Bikin Buku Pegangan Karena Pendidikan Inklusi di Indonesia Belum Sepenuh Hati
- Istimewa
Malang – Pelaksanaan pendidikan terpadu di Indonesia dilakukan sejak 1980 namun dianggap kurang berkembang. Pada tahun 2000 kembali dikembangkan dengan menggunakan konsep pendidikan inklusif. Komitmen ini diformalkan melalui konvensi nasional pada 2004 yang menghasilkan Deklarasi Bandung.
“Namun, pendidikan inklusi yang dilaksanakan di Indonesia saat ini belum sepenuh hati,” ujar Setia Adi Purwanta, ahli pengembangan kebijakan disabilitas, saat dijumpai di Universitas Negeri Malang (UM) beberapa waktu lalu.
Namun, ada kecenderungan orang disabilitas memunculkan stigma negatif dan rasa kasihan. Untuk itu, cara pandang masyarakat mengenai disabilitas perlu diubah, termasuk pada diri guru, orang tua anak disabilitas, dan pembuat kebijakan.
“Itu justru menghambat orang disabilitas menjadi bagian dari masyarakat seutuhnya. Cara pandang tentang disabilitas semestinya didasarkan pada hak asasi manusia,” ujar Setia yang juga orang dengan gangguan penglihatan ini.
Sekolah dan kurikulum harus bisa menerima perbedaan sebagai hal yang normal atau biasa. Bukan karena adanya perbedaan, lantas harus menjadi bagian yang ekslusif.
Tentu bukanlah hal mudah untuk mengubah mindset tersebut. Apalagi ketika berbicara mengenai pendidikan umum, posisi orang disabilitas masih disempitkan. Bagaimana metode pembelajaran, persoalan kognitif dan sisi intelektual di sekolah belum berwawasan kesetaraan bagi orang disabilitas.

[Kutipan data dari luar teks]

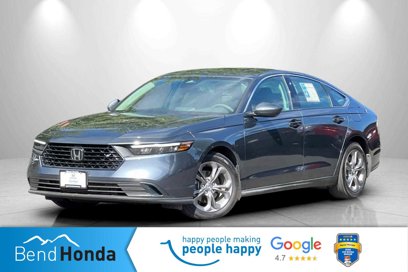 Certified 2024 Honda Accord EX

Pengalaman pribadi Setia dituangkan dalam dua buku pegangan inklusi baru. Yakni, Buku Pegangan (Bacaan) Pendidikan Inklusif untuk guru berjudul “Nuraga Sang Guru: Sebuah Kisah Kebhinekaan dalam Pendidikan Inklusif” dan untuk orang tua berjudul “Menumbuh dan Membumi: Anakku, Anakmu, Anak Ibu Pertiwi”.